友人とも知人とも違う距離感にある人だ。客観的な事実から僕と彼の関係性を言い表すのであれば「父親同士が高校の同級生」なのだが、親父同士、家族同士の距離感が日暮里と西日暮里の駅間ほどに近いため、ほとんど家族のような関係である。

 

彼の家は常呂にある。ここ2、3年はカーリングで名を挙げている町だ。15年ほど前の市町村合併により、常呂は北見市に合併した。それからというもの、北見はいやしくも「カーリングの街北見」と、我が物顔でカーリングを観光資源化しているのだが、そもそもは常呂の文化だ。

それとは別に、常呂は水産資源に恵まれている。サロマ湖に隣接しており、ホタテの養殖が盛んに行われる。

例に漏れず、彼の家業も漁師である。

正月やゴールデンウィーク、盆やらなにやら事あるごとに、我々家族は常呂の家に遊びに行き、ホタテやサケやイクラをたらふく食べては酒を飲む。僕が上京してからは、帰省に託けて遊びに行くようになった。帰省したのに常呂に行かなかったことはない。やはり親族に近い関係性だろう。

 

彼は1週間ばかり前に亡くなった。2年前から病を患い、克服したと思ったらまた再発して、そのまま逝った。

 

彼は僕より6つ年上だ。敬称はにいちゃんだった。彼には二つ下に弟がいて、一人っ子の僕にとって、二人のにいちゃんが常呂にいるような感覚だった。

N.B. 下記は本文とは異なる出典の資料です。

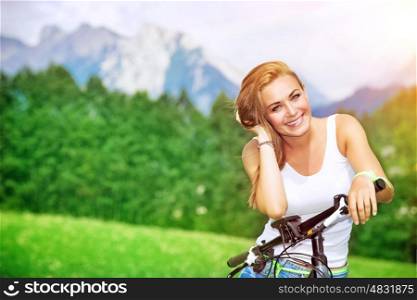 Portrait of a beautiful smiling woman enjoying bright sunny day in the Alps, mountainous tour on bicycle, happy active summer vacation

古くは、女満別かどこかの海で海水浴か潮干狩りかをした憶えがある。僕がまだ幼稚園児の頃だった。小学生の二人のにいちゃんと、そのまた親戚のにいちゃんに囲まれて遊んだ記憶がぼんやりと残っている。

その後、彼はオーストラリアに短期で留学する。確か英語の弁論大会で優勝したからだった。彼はその頃中学生だったろうか。マライアキャリーを聴いて英語が面白いと思ったと話していた。音楽の趣味が早熟である。ミスチルでもGLAYでもなくマライアキャリー。しかしその後彼が英語を喋れるようになったのかはよく知らない。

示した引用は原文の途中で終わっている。